Directions for this task
Find every line in the entries that holds the string "hour" and report it.

Stored items from a collection
= = =
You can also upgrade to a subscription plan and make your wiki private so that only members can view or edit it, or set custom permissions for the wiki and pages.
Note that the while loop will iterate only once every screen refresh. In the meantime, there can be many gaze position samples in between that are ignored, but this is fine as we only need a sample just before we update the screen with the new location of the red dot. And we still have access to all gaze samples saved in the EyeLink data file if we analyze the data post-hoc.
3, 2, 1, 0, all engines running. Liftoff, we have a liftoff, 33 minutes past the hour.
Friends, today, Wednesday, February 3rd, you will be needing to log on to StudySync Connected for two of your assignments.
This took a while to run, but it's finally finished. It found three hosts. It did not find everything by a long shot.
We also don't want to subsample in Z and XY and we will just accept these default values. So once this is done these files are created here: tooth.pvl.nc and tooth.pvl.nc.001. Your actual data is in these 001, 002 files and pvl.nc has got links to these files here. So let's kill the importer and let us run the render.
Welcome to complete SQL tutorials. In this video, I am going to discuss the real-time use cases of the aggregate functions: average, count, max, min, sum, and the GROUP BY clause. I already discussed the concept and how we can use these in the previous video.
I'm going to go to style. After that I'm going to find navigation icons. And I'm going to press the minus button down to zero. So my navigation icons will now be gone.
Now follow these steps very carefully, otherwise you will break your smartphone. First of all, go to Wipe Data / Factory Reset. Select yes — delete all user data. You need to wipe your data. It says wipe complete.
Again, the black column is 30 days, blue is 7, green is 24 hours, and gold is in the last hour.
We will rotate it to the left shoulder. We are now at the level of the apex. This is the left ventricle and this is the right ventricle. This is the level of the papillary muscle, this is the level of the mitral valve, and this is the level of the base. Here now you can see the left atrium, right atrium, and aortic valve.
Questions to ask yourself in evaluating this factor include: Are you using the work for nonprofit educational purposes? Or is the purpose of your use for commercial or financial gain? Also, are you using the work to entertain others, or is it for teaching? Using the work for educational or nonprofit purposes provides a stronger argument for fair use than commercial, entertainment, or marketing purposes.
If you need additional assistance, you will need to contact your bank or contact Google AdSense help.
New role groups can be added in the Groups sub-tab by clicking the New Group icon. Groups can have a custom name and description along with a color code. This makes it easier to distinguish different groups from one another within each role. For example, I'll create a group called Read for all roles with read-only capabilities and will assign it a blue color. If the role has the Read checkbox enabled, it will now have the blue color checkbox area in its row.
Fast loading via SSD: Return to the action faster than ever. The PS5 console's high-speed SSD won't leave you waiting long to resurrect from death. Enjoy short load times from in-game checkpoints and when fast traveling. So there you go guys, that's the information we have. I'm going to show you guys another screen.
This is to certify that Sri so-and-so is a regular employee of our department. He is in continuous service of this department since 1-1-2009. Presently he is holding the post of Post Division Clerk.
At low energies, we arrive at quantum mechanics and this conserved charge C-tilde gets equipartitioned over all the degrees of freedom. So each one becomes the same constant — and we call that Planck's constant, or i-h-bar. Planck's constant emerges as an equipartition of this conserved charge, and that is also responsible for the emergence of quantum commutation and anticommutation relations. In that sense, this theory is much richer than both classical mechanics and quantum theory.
= = =
Solution to the exercise
3, 2, 1, 0, all engines running. Liftoff, we have a liftoff, 33 minutes past the hour.
Again, the black column is 30 days, blue is 7, green is 24 hours, and gold is in the last hour.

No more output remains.